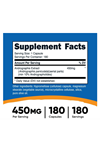 Nutricost Andrographis Extract 450mg 180 Vege Capsul.Abd Menşei.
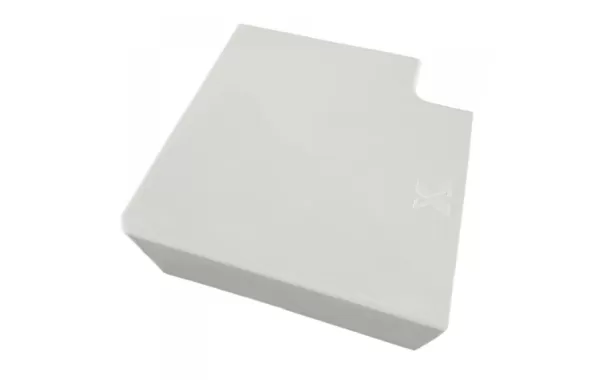 Angulo Plano Bandeja Plastica 100x50 Mm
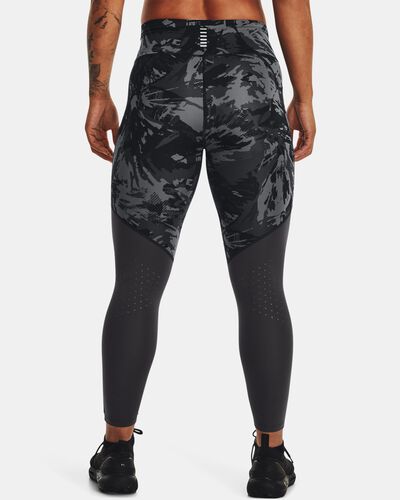 Women's UA Fly Fast 3.0 Printed Ankle Tights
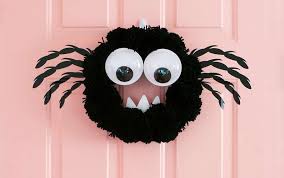 Collection by alecia chickenscratch ny • last updated 6 weeks ago. Diy Spider Wreath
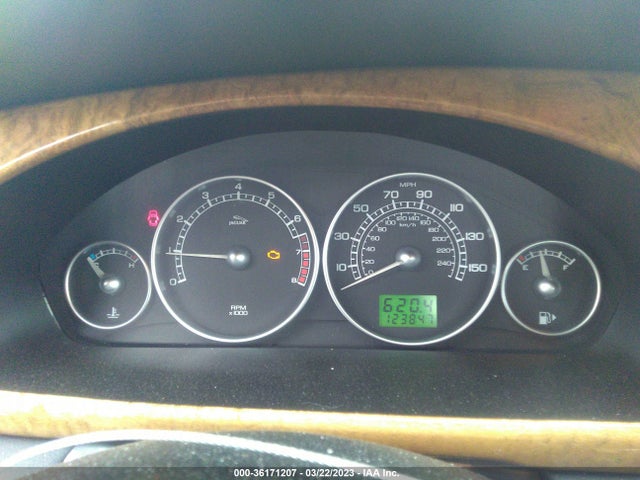 2004 JAGUAR X-TYPE VIN: SAJEA51C84WD59516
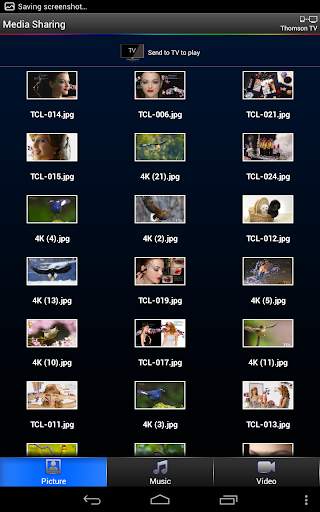 TCL nScreen screenshot 2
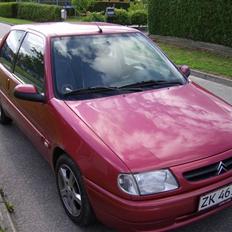 Citroën saxo solgt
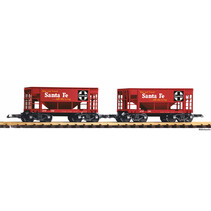 G 2er Set Schüttgutwagen SF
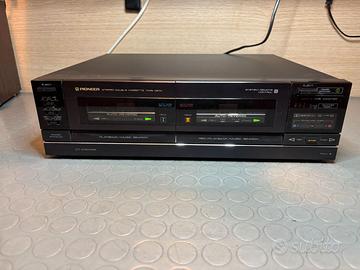 Pioneer CT‑X707WR – Registratore a cassette stereo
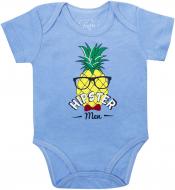 Боди для мальчика GABBI Морской р.74 голубой BD-19-13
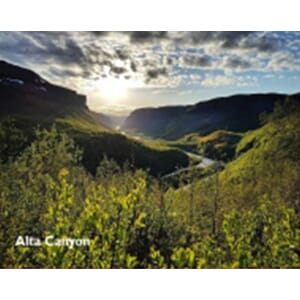 Magnet foto- Grand Canyon Alta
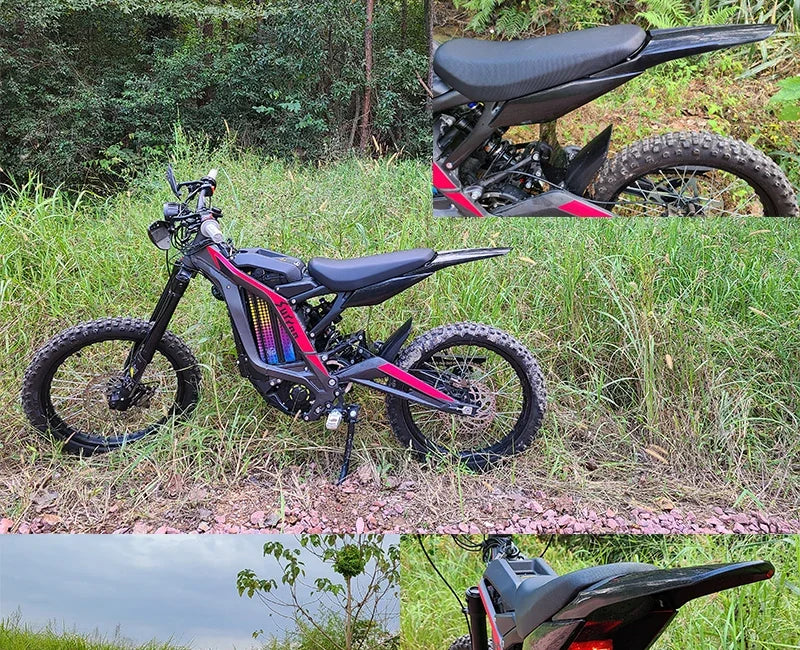 surron fender can cut to be tuttio long fender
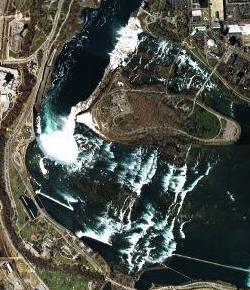 Cataratas del Niágara, Canadá y Estados Unidos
——————————
Exercise brief: Print, exactly and without pictures, the lines from the one holding "Pioneer CT‑X707WR –" through the last line of the entries above, both included.

Solution for this task:
 Pioneer CT‑X707WR – Registratore a cassette stereo
 Боди для мальчика GABBI Морской р.74 голубой BD-19-13
 Magnet foto- Grand Canyon Alta
 surron fender can cut to be tuttio long fender
 Cataratas del Niágara, Canadá y Estados Unidos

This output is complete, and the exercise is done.